The District Court Judge imposed no conditions, which suggests that he didn’t see a need to force either company to reduce its market control before the merger could occur, despite the Justice Department’s objections.

General Counsel for AT&T, David McAtee, was extremely pleased with the result in District Court.

The decision by the court also means that a federal judge rejected the federal government’s lawsuit, which attempted to block the merger between the two entities.

Assistant Attorney General Makan Delrahim suggested that the Department of Justice was disappointed in the final decision.

Delrahim even said that she believed that the ‘pay-TV market’ would be less competitive and less innovative due to the merger.

She also signaled that this might not be the end of legal attempts to block the merger between the two large companies.

Some legal experts suggest that the decision could signal to other companies that they can also merger ‘vertically.’ A vertical merger is generally a situation where a company buys the entity that supplies it with something.

In this case, AT&T, via services like U-Verse and DirecTV, provides cable television access to millions of customers. Time Warner and its various subsidiaries were producing the content that U-Verse and DirecTV offered.

The large cellular service provider said that they hope to close the merger on or before June 20, and both saw increases in the value of their stock on the stock market.

Comcast has said that it is eyeing a similar acquisition, and is set to put in a bid for Fox, which they could announce as soon as tomorrow, now that the merger was approved.

It took six weeks for Judge Leon to decide the case. The Justice Department sued to block the merger last year, suggesting that AT&T might give DirecTV and U-Verse preferential prices for Time Warner content, while charging services like Spectrum, Comcast, and more.

The company countered that claim, pointing out that the only people who would lose in that scenario would be their own company. They stated that much of the profit the company receives comes from affiliate fees and advertising revenue, and pointed out that limiting access to their channels would only server to rob them of the wider distribution needed to raise both.

The merger further diversifies the markets that AT&T is involved in.

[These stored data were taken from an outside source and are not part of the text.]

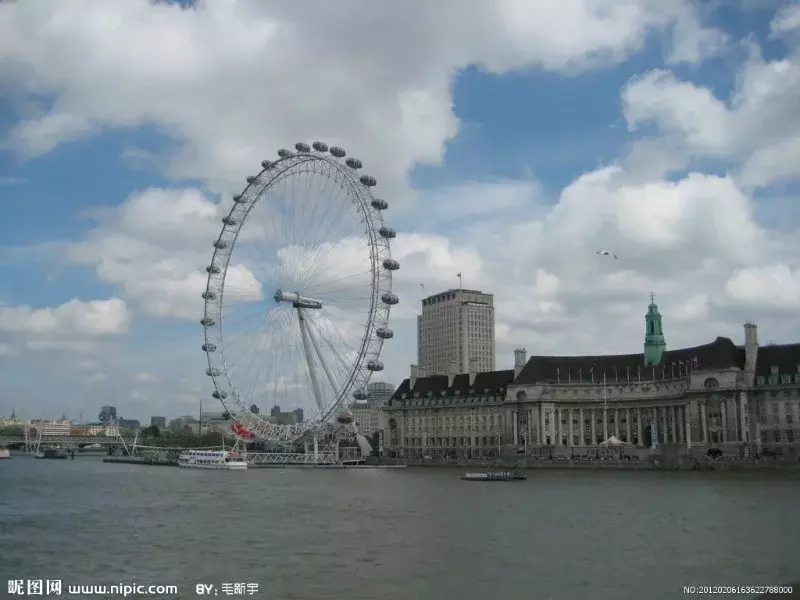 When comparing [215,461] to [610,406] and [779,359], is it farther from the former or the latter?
[779,359]

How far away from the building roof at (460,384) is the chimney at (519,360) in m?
1.85

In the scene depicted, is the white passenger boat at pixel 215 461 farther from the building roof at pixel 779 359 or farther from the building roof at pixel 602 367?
the building roof at pixel 779 359

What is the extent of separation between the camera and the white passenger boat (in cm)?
12725

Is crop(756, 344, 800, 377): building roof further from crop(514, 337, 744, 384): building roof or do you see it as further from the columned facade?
crop(514, 337, 744, 384): building roof

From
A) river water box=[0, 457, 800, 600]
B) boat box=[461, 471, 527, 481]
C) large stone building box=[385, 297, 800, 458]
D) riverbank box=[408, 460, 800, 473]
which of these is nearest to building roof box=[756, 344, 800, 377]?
large stone building box=[385, 297, 800, 458]

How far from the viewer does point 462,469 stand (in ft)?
392

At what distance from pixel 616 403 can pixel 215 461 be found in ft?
196

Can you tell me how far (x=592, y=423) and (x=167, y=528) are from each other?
316ft

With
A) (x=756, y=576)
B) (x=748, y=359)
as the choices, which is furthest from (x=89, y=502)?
(x=748, y=359)

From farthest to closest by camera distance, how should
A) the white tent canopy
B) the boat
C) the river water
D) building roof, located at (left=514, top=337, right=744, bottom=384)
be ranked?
building roof, located at (left=514, top=337, right=744, bottom=384) → the white tent canopy → the boat → the river water

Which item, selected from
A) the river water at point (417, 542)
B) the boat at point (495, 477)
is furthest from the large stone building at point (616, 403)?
the river water at point (417, 542)

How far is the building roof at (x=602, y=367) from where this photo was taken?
123750 mm

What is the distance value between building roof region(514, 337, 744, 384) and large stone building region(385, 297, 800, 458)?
0.15 m

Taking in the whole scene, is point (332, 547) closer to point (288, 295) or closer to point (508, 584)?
point (508, 584) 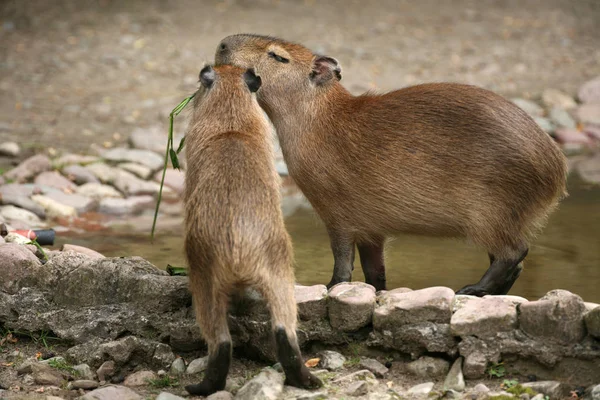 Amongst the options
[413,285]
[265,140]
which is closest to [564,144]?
[413,285]

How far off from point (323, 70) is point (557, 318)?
2015mm

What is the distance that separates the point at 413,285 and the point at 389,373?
1.42 metres

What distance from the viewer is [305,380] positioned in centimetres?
377

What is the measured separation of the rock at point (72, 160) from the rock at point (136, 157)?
0.47 ft

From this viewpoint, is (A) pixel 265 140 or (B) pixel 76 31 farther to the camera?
(B) pixel 76 31

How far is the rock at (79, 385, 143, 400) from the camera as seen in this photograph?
3760 millimetres

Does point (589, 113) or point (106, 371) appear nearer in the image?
point (106, 371)

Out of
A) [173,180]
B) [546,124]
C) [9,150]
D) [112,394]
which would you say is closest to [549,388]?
[112,394]

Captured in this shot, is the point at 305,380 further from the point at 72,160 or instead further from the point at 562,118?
the point at 562,118

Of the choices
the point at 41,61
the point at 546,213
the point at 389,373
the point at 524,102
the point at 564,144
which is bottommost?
the point at 389,373

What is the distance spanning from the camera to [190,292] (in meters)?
4.22

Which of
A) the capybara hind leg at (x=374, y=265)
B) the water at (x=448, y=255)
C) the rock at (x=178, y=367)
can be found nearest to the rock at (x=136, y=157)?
the water at (x=448, y=255)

They’re currently the second largest wireless provider in the United States, and they also offer television and internet services via DirecTV and their U-Verse product.

Now, they will also own actual television channels as well.

This could lead to companies like AT&T and other firms, which generally lean left of center, having more power to make choices about content produced and what viewers will get to watch, which some consumers may not enjoy.

It will be interesting to see if the move, and the legal confirmation by a federal court, leads to more companies merging vertically where television is concerned.

It could lead to the consolidation of many channels under the control of a handful of conglomerates. Whether or not that’s a good thing, only time will tell. Many people, however, know what will happen: television will become a tool of propaganda even stronger than before.